Se ad inizio stagione si ipotizzava per il neo promosso Catanzaro una tranquilla salvezza, ora si può aspirare a qualcosa di più. Il secondo posto a ridosso della capolista Viterbese (un solo punto li divide) lo rende fiducioso ma i quattro successi consecutivi non possono non essere presi in considerazione. E sulla base di tale affermazione, il Catanzaro può far paura. Non importa se a fatica ha strappato tre punti a L’Aquila e Crotone, non importa se il calendario ha agevolato il cammino nelle ultime gare. L’importante è il risultato. Non è mai mancato tanto che l’attuale poszione in classifica lo dimostra. Molto temuta è la Samb, prossimo avversario dei calabresi al “Riviera”. Vuoi perchè in casa ha voglia di riscatto, vuoi perchè nell’organico ha gente come Scandurra, Zerbini, Martusciello, Esposito ai quali mister Braglia opporrà Corona, Alfieri, Ferrigno e Briano.

Corona in dubbio?

Durante l’allenamento pomeridiano di martedì, il bomber Corona ha accusato un leggero affaticamento al polpaccio. Non termina la seduta a scopo precauzionale. Tuttavia lo stesso giocatore ha voluto tranquillizzare i tifosi precisando che l’infortunio non è nulla di grave, contro la Samb ci sarà. Poi parla dell’attuale memento del Catanzaro e delle sue reti. Undici gol con un solo rigore calciato, il merito lo divide con i compagni di squadra. Spera di ottenere il prima possibile i punti salvezza. Sull’imminente sfida di San Benedetto si aspetta una bella partita con due squadre che cercheranno di ribattere colpo su colpo.

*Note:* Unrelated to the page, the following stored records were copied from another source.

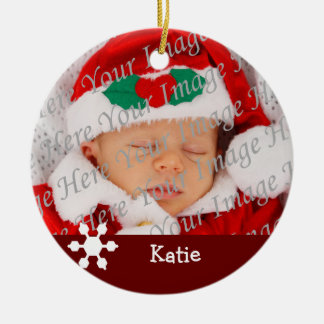 Baby's tweede kerstfeest rood snowflake keramisch ornament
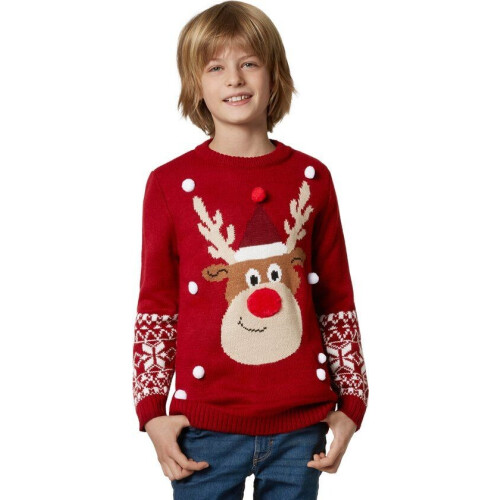 Dressforfun Kersttrui Rudi Rendier voor kinderen - 140 (9-10y) - Verkleedkleding carnaval -
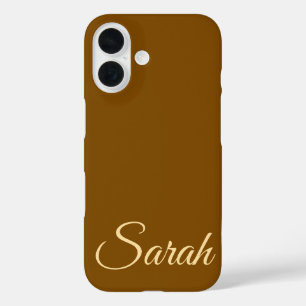 Stylish Modern Classic Customised Name Brown Colou iPhone 16 Case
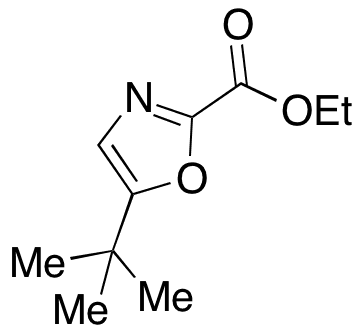 5-tert-Butyl-2-oxazolecarboxylic Acid Ethyl Ester - Chemical structure and product image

Il fischietto di Samb-Catanzaro

Sarà l’arbitro Massimiliano Velotto di Grosseto a dirigere la delicata gara tra la formazione di Trillini e la formazione di Braglia. Quattro anni di Can di C, venti gare in C1 e 23 in C2. Un direttore di gara dal cartellino (preferibilmente giallo) facile. Ha arbitrato il Catanzaro in diverse occasioni. Lo scorso dicembre contro l’Olbia finita 3-1 per i calabresi con sei ammoniti e un rigore. Un mese fa contro il Crotone con la squadra di Braglia vincente per 3-2 con sei ammoniti, un espulso e un rigore. La finale di andata dei play off con l’Acireale terminata 0-0 con nove ammoniti. La Samb l’ha diretta nella sfida con il Teramo (1-1) con cinque ammoniti, un espulso e un rigore.